If they were lucky, they got to do it all again the next day...and the next...and maybe even the next...

When I think about my own life, I've least felt that I wasted my time when I was something that had a point to it. It didn't have to be that profound...cooking food to share with friends or keep me healthy...learning to drive so that i could have some ease of getting around...figuring out how my phone worked...reading, talking, engaging with people around a whole variety of issues...it all had a point.  It meant something to me in the context of my life and it gave me some sense of my purpose in being alive...
The occasions when I've most felt rootless and disconnected have been when I've felt trapped or like I'm treading water. Nothing's happening...nothing means anything...I'm going through the motions. I know that I've spent enough time just filling in days...waiting for the day to end and for sleep to come. It isn't good for me to have too many pointless days. That road leads me straight to the jaws of The Black Dog. Now, I reckon I'm fairly 'typical' and that anyone who's reading this will, to a greater or lesser degree, share my experience or know someone who does.

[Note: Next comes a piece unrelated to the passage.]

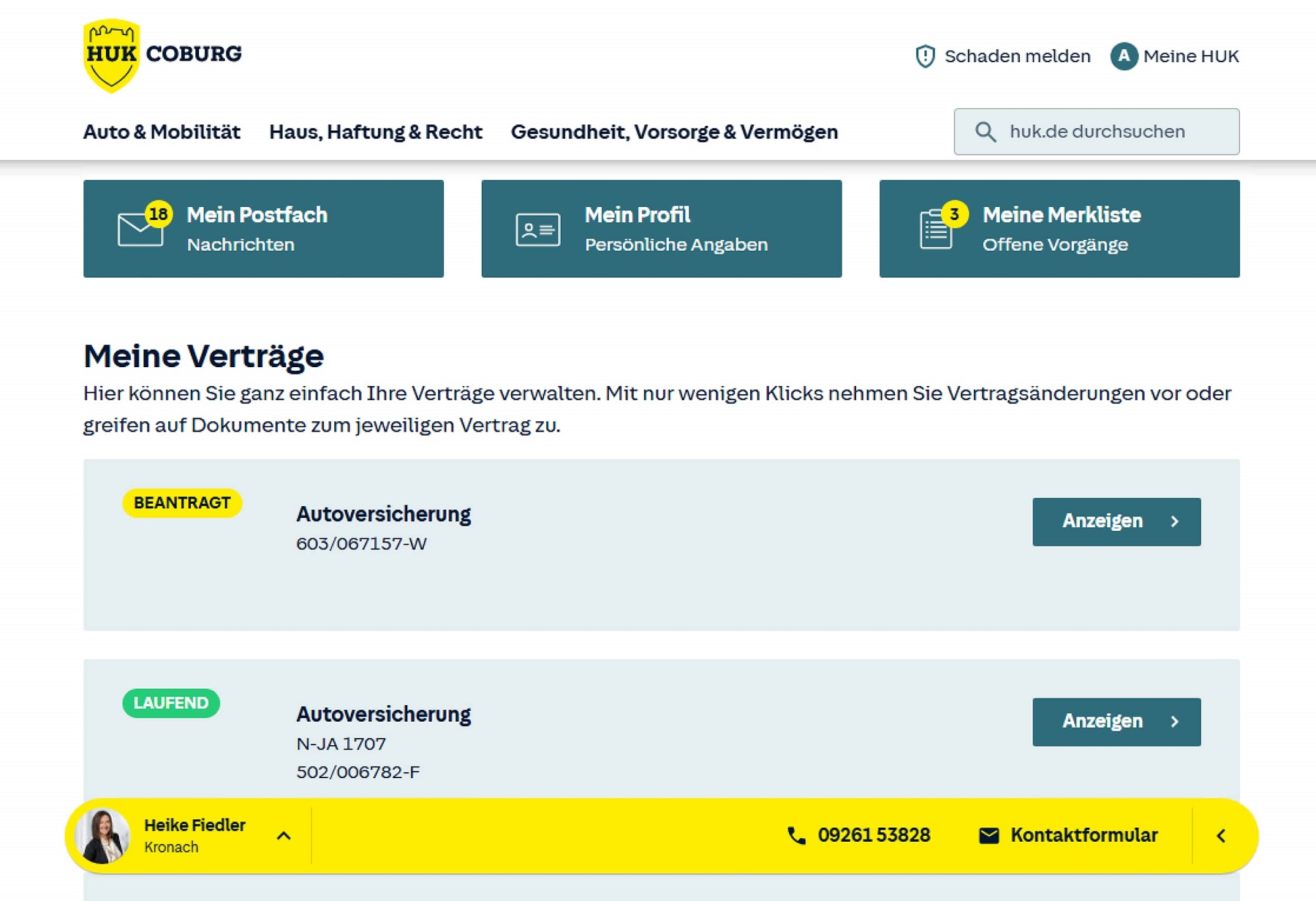 Aktueller Stand der Startseite des Kundenordners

Meaning and purpose matter. 

If they matter to me, chances are that they matter to someone with a disability. Maybe differently expressed. But they matter.  
And so I don't think that it's good enough for services to organise to waste people's time. 
I don't think that it's good enough to be constantly focussing on filling up people's days without first considering why you what you do and do it in that particular way.  The activity needs to be designed and structured in line with the person's choices and wishes and with some idea of how this will contribute to the creation of, and the finding of, some meaning and purpose in the routine of life.
People shake their heads and accuse him of exaggeration when I talk about two of the consequences of Devaluation as described by Wolfensberger, '...a wasted life and an early death...'

It's sad enough to feel regret and frustration when your can see how your own choices have led you there. 

It is tragic and reprehensible that so many of us over so many years have colluded in the waste of people's lives.

The time flies by...and we don't get it back. 

Wasting time...

It has to stop.


If time be of all things the most precious, wasting time must be the greatest prodigality.